I knew the strike was destined to end sometime, however, as I continued to collect her books and add them to our home library. Since my recap of And Then There Were None at the end of 2018 (at which time I only owned three of her books) our Christie collection has grown to a whopping 28 of her novels. And when friends of ours invited us over to watch the new movie released this year, I begged for a little time to read the original work first. 

So about halfway through September, I re-entered the world of Agatha Christie to read her 1937 rendering: Death on the Nile.

And I have to say: Agatha did it again. 

In Death on the Nile, our famous Belgian, Hercule Poirot, is approached by the effervescent Linnet Doyle (previously Ridgeway) on board the steamer Karnak (cruising down the Nile—hence the title) about the matter of her ex-best friend Jacqueline de Bellefort stalking and harassing her and her new husband Simon. Linnet, who is independently wealthy and has everything she could possibly want, stole Simon away from poor Jackie, and ever since their marriage, Jackie has been popping up everywhere they are and making them feel terrible about themselves. 

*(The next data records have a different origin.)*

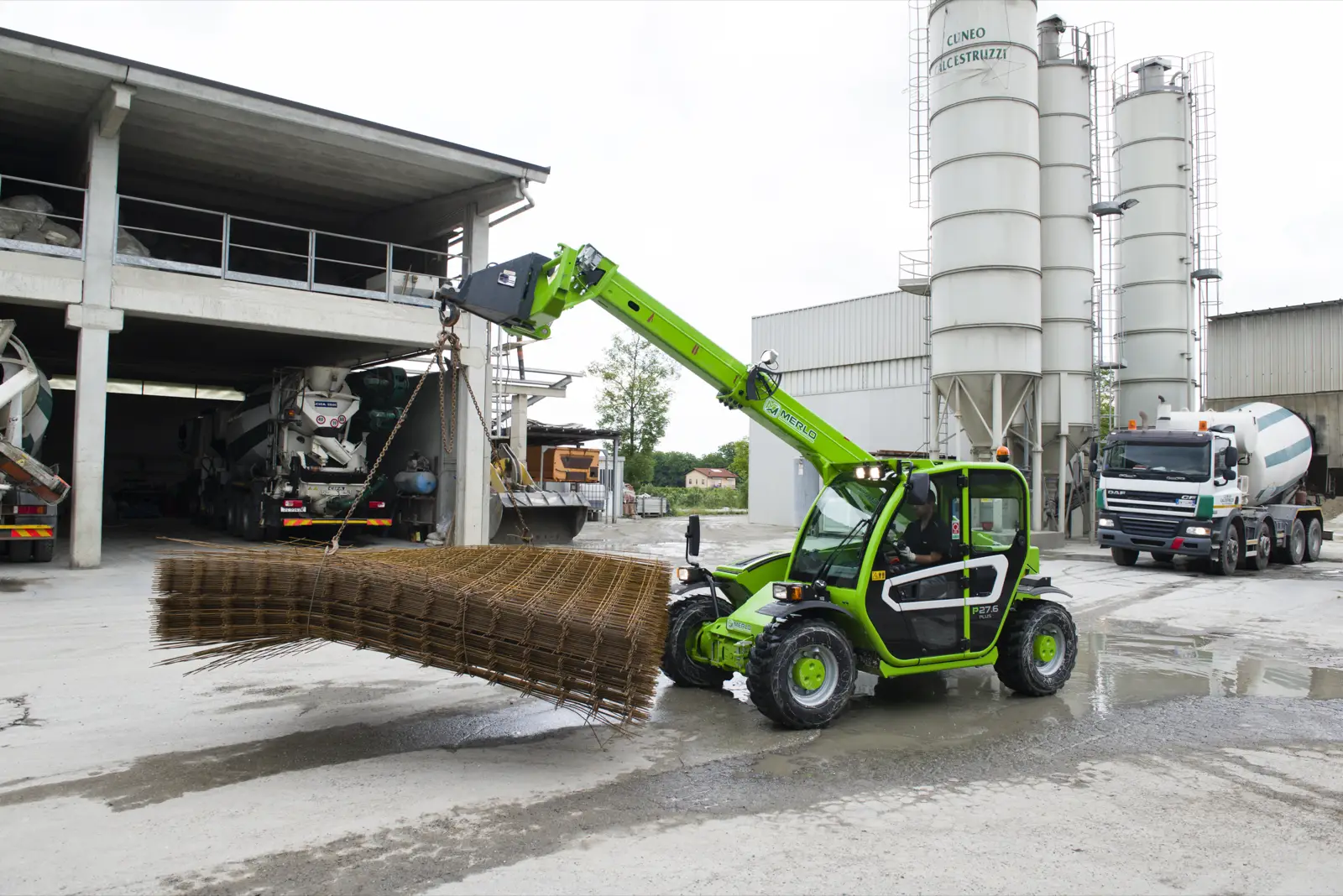 Merlo P27.6 mit Baustahlmatten im Betonwerk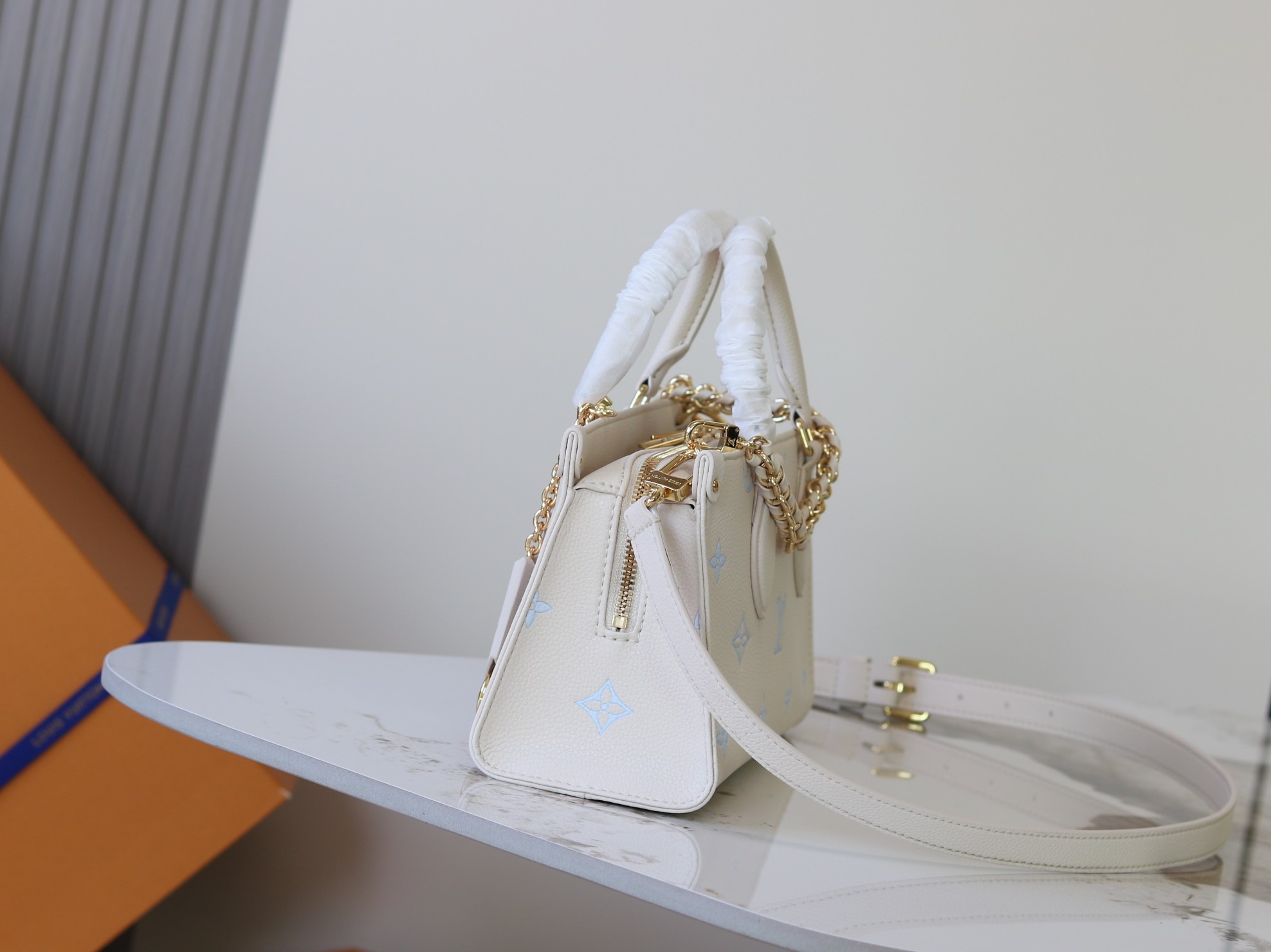 Louis Vuitton Basic Bag Blue M-l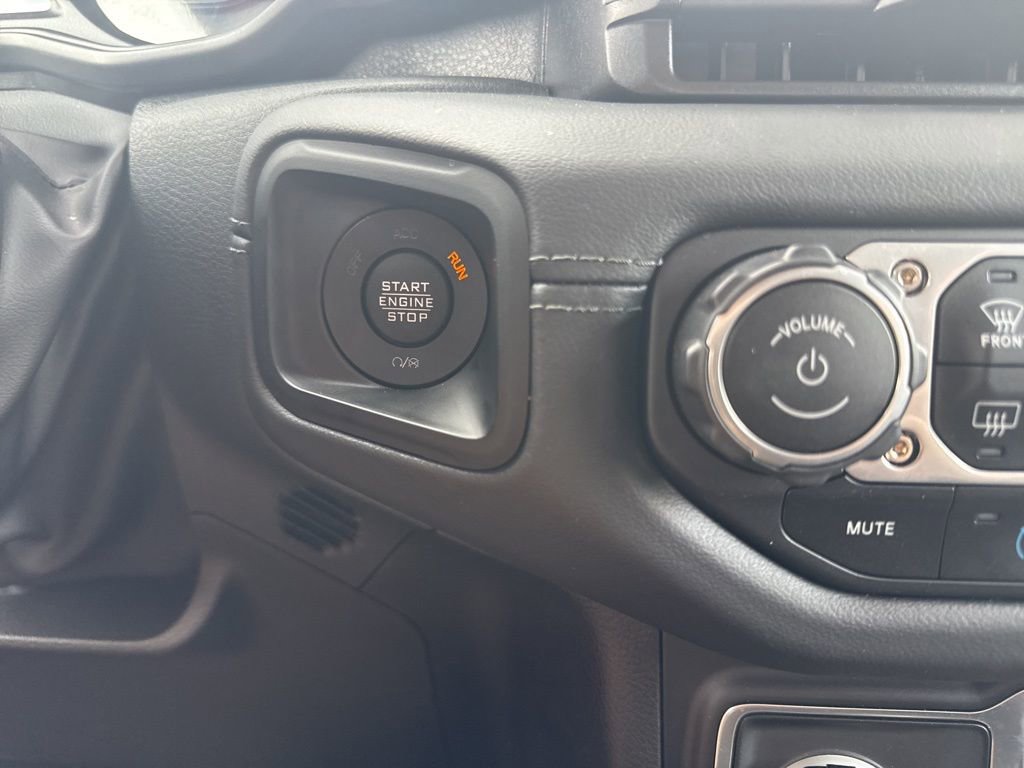 Used 2025 Jeep Wrangler Unlimited Sahara w/ Safety Group image 19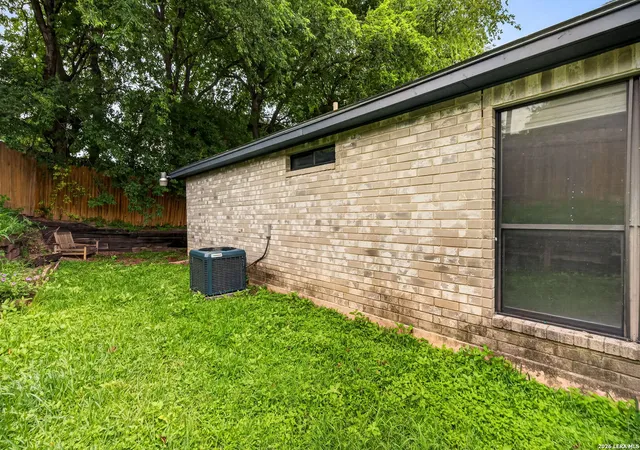 38th image of 8534 Sir Galahad, San Antonio, TX 78240 | MLS# 1990716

But when Linnet turns up dead in her cabin one night after Jackie makes a huge scene with Simon and a little pistol, this case of harassment turns into a murder mystery that only Poirot could solve. As he delves deeper into the details, he finds that nearly everyone on board has a reason to want Linnet dead. But who actually killed her?

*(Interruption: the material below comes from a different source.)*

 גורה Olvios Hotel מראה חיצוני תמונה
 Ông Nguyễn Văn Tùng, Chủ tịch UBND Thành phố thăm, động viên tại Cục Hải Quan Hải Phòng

I won't ruin it, but wow. How does she do it? Once again, Christie tied my brain in absolute knots trying to figure this one out, and once again, I was left gobsmacked by the final resolution. If you've never read anything by Agatha Christie, Death on the Nile would be a great one to pick up. 

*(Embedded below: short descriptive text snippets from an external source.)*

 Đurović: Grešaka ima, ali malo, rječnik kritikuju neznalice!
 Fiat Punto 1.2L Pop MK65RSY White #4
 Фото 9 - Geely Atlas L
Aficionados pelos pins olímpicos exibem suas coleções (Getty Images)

The movie, on the other hand, was a bit of a letdown. Opposite to my experience with Murder on the Orient Express which was wonderful up until the end where everything seemed to fall apart; Death on the Nile seemed to drag on and on, but then Branagh really stuck the ending. They significantly cut down the cast which took away from the brilliance of Poirot solving the case, and just added in a lot of awkward, unnecessary bits that didn't do anything for the story except maybe make it a little more relevant to contemporary culture. Gag me. Our little group had a good time watching it though, and then I had the satisfaction of being questioned about what was changed from the book. 

Interestingly, I found myself reading an article recently about the All About Agatha podcast. I'm not a podcast listener myself (though I've tried), and these Agatha experts rank Death on the Nile #9 out of all Christie's mystery novels. And for anyone wondering, that's 66 novels. I was thunderstruck to see that they had the gall to put And Then There Were None at #2, but also intrigued. I actually own a copy of Five Little Pigs (though I have an American edition titled Murder in Retrospect), and now I'm at a loss as to how to decide my next Christie novel. All along, I'd been planning to read The Murder of Roger Ackroyd next (which you'll notice is #3 on this list), but then that got upset by Death on the Nile this year. Not to mention, I still haven't read a Miss Marple mystery yet. 

SEND HELP.

All told, I'd definitely recommend Death on the Nile, and somebody please tell me which Agatha Christie novel I should put on next year's reading list! This link should take you to a list of the 28 I own on Goodreads if you feel so inclined to help a sister out. 

Where do you land on the scale of Agatha Christie fandom if 1 was "Agatha who?" and 10 was "I have a poster of her in my bedroom"? Any other World Cup watchers out there? Who do you choose in the final: Argentina or France?